There’s more fun to be had on Twitch, where the community can type cues for scary events – SCREAM causes a ghoulish howl and so on – but in a similar vein to Twitch Plays Pokemon, there’s no cohesive communication, so often the triggers are spammed, causing the same scream soundclip to play over and over again, and like much of the gameplay, even this loses its fun after the first fifteen minutes. There just isn’t enough here to keep horror fanatics or first-time gamers invested.
Graphics are where the sloppiness just gets disappointing. Frame-rate issues should not be an issue on the Playstation 4, but they were – often – and it’s clearly not because the game was too powerful. My first twenty seconds were spent glitching through the floorboards and floating in limbo before the game bounced me back at the start.
Shadows looked like they had been designed as separate objects hovering above boxes and desks, and would often pop in and out of the game as they saw fit, the character models of the ghosts looked like they had been extracted from a Playstation 2 model of the game, and the fire animations looked rough. The entire aesthetic of the game is ugly, bland and grey, and there are missed lighting/dualshock lightbar opportunities here for when the flares and glowsticks are used. The loading times are grim as well. After dying on the final forest level due to an irritatingly daft platform section, the game took a full four and a half minutes to trickle the percentage up from a pre-set 16%, one bit at a time.

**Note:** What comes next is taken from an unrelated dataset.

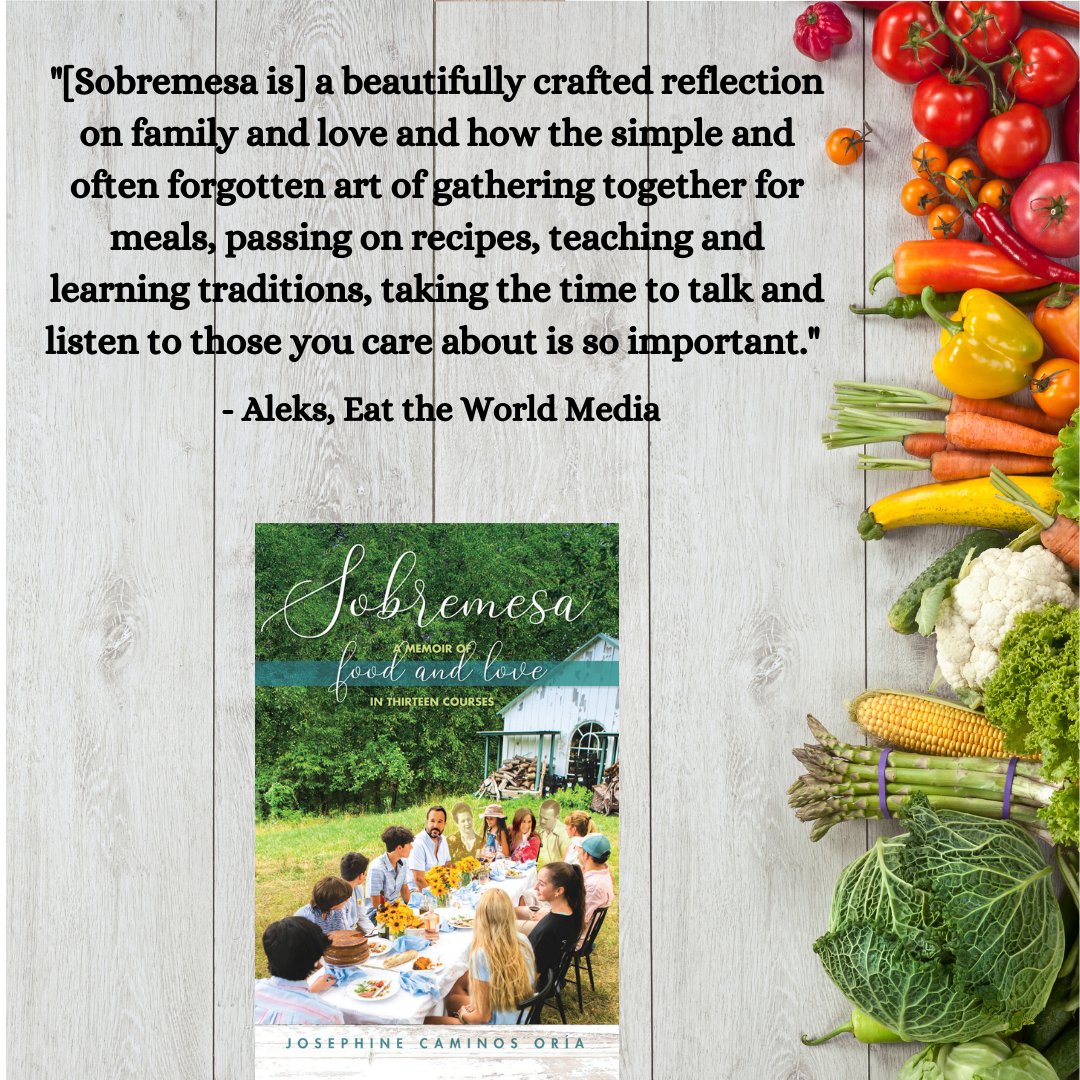 Scribe Publishing Co tweet media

The effects – especially during the box-moving sections – sound like they’ve been recorded on somebody’s phone and uploaded unedited into the game. Whilst one moment in the sewer section featuring splashing footsteps from behind did give slight chills the first time, it lost its effect on the ninth. The voice actors do the best with what they’ve been given, but Sarah has a total of five pieces of in-game dialogue, ranging from a timid “hello?” to a coy “is someone… there?” Compared to Outlast’s shaky breathing, grunts and screams, playing as Sarah sounds more like playing a game of hide & seek rather than evading ghosts.

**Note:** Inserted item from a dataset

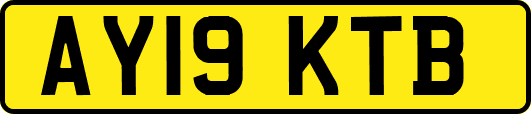 AY19KTB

As far as music is concerned, it might as well have not been composed. There’s a clear attempt here to create a subtle, spooky soundtrack, but there’s nothing here as iconic as the classic Resident Evil soundtrack or as tense as Slender: The Arrival.

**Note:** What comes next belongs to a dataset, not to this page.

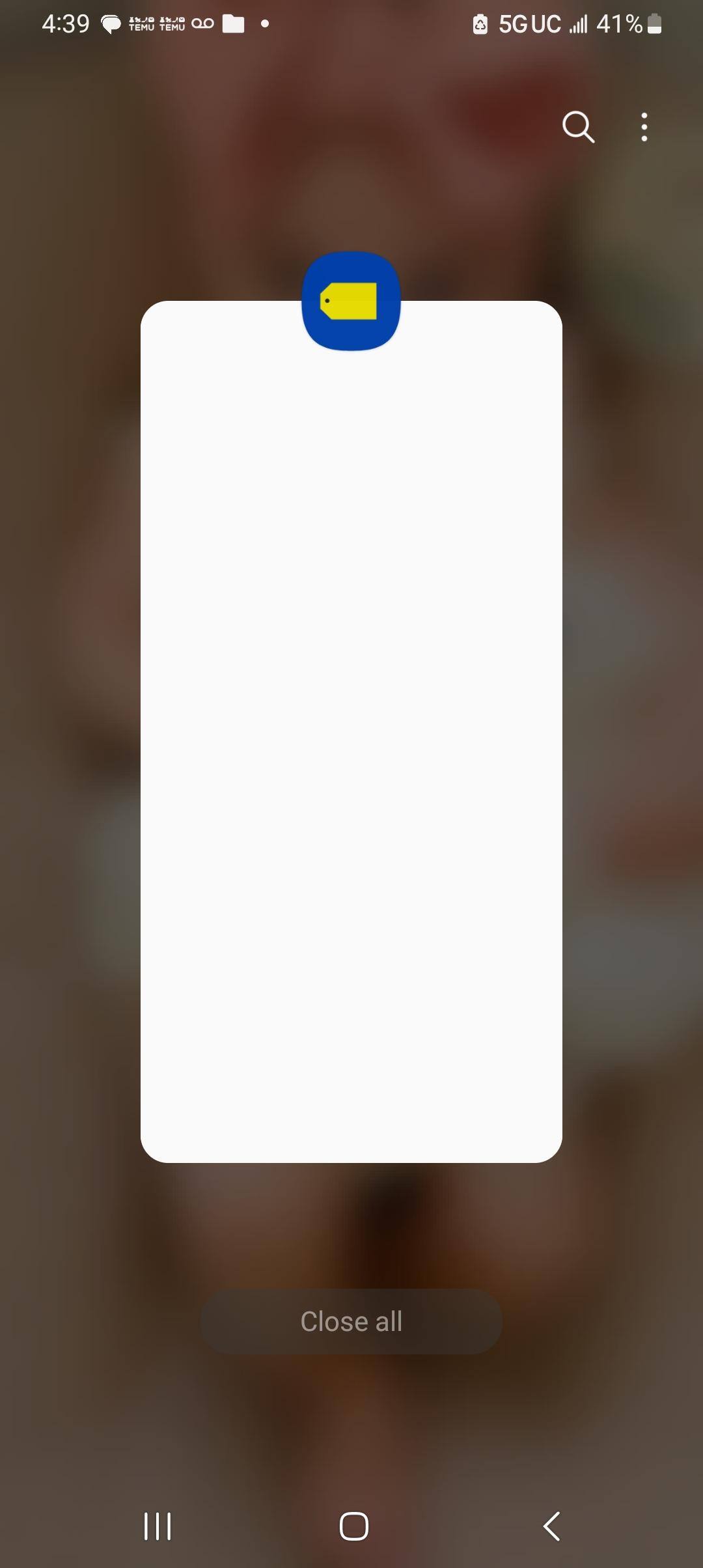 Customer provided image, click to load a larger version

Daylight promises so much but delivers on absolutely nothing. It could be argued there’s a B-movie aesthetic here with how much it rips off from better games much more worthy of your time, but B-movies are fun – this simply isn’t. It’s boring, frustrating, and after the first hour you’ll just wish it was all over already so you could feel like you got your money’s worth. For the cost it asks for, the game at least appears to know what it is, but it’s not even worth the 9.99 the Playstation Plus store is asking for it. Grab it in a Steam sale if you’re really that intrigued, but it’s probably best to do its creators a favour and try to forget it ever happened.